====== LISTED RECORDS ======

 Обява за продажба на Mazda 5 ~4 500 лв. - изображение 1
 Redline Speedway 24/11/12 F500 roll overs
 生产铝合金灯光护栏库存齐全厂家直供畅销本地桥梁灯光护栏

======
====== LISTED RECORDS ======

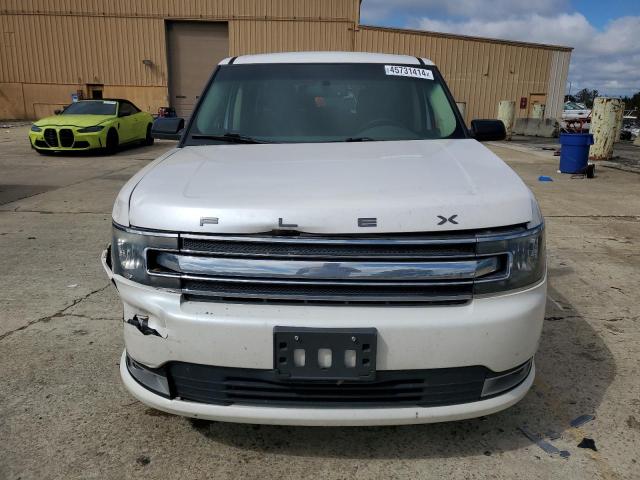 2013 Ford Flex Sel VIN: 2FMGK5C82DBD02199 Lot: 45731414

======

■ **ASSIGNMENT**: Please transcribe only the lines in the records above running from the line that has "Redline Speedway 24/11/12 F500 roll overs" through the line that has "生产铝合金灯光护栏库存齐全厂家直供畅销本地桥梁灯光护栏", both included, exactly as they appear.

■ **TASK ANSWER**:
 Redline Speedway 24/11/12 F500 roll overs
 生产铝合金灯光护栏库存齐全厂家直供畅销本地桥梁灯光护栏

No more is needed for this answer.